+++ SOURCE INFORMATION +++

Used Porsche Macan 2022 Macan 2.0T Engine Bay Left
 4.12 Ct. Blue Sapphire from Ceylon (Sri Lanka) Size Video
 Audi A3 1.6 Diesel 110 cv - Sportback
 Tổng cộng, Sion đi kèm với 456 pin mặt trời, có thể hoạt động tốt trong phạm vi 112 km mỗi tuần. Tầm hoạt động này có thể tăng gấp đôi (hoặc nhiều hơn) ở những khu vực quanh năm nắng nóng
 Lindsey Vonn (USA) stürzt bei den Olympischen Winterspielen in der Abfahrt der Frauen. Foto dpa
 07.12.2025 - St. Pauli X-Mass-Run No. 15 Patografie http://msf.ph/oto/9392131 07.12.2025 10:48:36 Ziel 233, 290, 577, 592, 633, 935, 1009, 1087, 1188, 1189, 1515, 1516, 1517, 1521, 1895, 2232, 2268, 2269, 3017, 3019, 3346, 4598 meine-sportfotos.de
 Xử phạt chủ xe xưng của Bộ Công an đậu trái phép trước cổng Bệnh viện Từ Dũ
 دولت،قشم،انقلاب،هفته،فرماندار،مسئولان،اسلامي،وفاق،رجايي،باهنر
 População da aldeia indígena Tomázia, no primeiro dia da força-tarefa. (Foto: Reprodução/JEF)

+++

WHAT TO WORK ON
Copy out each entry precisely. Leave nothing out.

SOLUTION FOR THIS PROBLEM
Used Porsche Macan 2022 Macan 2.0T Engine Bay Left
 4.12 Ct. Blue Sapphire from Ceylon (Sri Lanka) Size Video
 Audi A3 1.6 Diesel 110 cv - Sportback
 Tổng cộng, Sion đi kèm với 456 pin mặt trời, có thể hoạt động tốt trong phạm vi 112 km mỗi tuần. Tầm hoạt động này có thể tăng gấp đôi (hoặc nhiều hơn) ở những khu vực quanh năm nắng nóng
 Lindsey Vonn (USA) stürzt bei den Olympischen Winterspielen in der Abfahrt der Frauen. Foto dpa
 07.12.2025 - St. Pauli X-Mass-Run No. 15 Patografie http://msf.ph/oto/9392131 07.12.2025 10:48:36 Ziel 233, 290, 577, 592, 633, 935, 1009, 1087, 1188, 1189, 1515, 1516, 1517, 1521, 1895, 2232, 2268, 2269, 3017, 3019, 3346, 4598 meine-sportfotos.de
 Xử phạt chủ xe xưng của Bộ Công an đậu trái phép trước cổng Bệnh viện Từ Dũ
 دولت،قشم،انقلاب،هفته،فرماندار،مسئولان،اسلامي،وفاق،رجايي،باهنر
 População da aldeia indígena Tomázia, no primeiro dia da força-tarefa. (Foto: Reprodução/JEF)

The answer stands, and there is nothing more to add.